**Task prompt**.
Set down only what runs from the line containing "Milon - Blusa Infantil MeninaRosa - MILON" through the last line of the data, exactly as it reads.

**Entries provided**.
---+---

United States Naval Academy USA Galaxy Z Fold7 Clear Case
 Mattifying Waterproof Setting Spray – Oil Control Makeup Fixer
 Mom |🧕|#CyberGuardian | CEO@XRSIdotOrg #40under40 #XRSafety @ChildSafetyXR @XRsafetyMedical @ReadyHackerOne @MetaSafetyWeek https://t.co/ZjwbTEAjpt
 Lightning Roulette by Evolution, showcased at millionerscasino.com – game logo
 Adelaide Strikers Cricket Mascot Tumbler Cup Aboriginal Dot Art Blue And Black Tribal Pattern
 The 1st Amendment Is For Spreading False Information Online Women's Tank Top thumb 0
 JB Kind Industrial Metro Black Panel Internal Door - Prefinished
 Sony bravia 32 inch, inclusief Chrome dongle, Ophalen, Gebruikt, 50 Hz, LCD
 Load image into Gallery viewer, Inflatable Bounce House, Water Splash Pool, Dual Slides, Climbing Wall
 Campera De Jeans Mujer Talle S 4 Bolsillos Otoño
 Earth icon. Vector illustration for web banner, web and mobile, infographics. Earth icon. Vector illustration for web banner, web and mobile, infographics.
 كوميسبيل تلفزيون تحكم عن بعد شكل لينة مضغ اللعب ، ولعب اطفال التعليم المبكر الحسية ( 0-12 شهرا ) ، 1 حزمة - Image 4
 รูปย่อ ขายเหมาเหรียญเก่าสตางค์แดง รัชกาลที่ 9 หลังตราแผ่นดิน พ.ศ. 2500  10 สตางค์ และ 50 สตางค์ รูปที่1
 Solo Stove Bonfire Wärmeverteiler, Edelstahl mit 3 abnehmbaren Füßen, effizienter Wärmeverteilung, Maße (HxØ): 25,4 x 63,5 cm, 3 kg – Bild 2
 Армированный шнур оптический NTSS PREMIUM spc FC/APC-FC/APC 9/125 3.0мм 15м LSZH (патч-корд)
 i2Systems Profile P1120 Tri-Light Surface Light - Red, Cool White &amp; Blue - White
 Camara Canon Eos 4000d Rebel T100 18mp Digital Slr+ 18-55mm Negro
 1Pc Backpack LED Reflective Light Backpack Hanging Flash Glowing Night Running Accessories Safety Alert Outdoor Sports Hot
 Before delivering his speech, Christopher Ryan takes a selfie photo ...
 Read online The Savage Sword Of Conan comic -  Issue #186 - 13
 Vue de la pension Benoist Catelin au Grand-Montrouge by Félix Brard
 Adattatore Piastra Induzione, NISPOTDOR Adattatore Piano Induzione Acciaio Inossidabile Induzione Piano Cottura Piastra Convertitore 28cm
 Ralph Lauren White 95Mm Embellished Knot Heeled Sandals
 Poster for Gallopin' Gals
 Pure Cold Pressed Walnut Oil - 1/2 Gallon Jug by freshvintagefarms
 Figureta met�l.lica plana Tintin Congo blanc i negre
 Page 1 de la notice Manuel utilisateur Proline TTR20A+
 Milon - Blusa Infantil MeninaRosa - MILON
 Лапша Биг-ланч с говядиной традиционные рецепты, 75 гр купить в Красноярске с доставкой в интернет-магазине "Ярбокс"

---+---

**Output for this exercise**.
 Milon - Blusa Infantil MeninaRosa - MILON
 Лапша Биг-ланч с говядиной традиционные рецепты, 75 гр купить в Красноярске с доставкой в интернет-магазине "Ярбокс"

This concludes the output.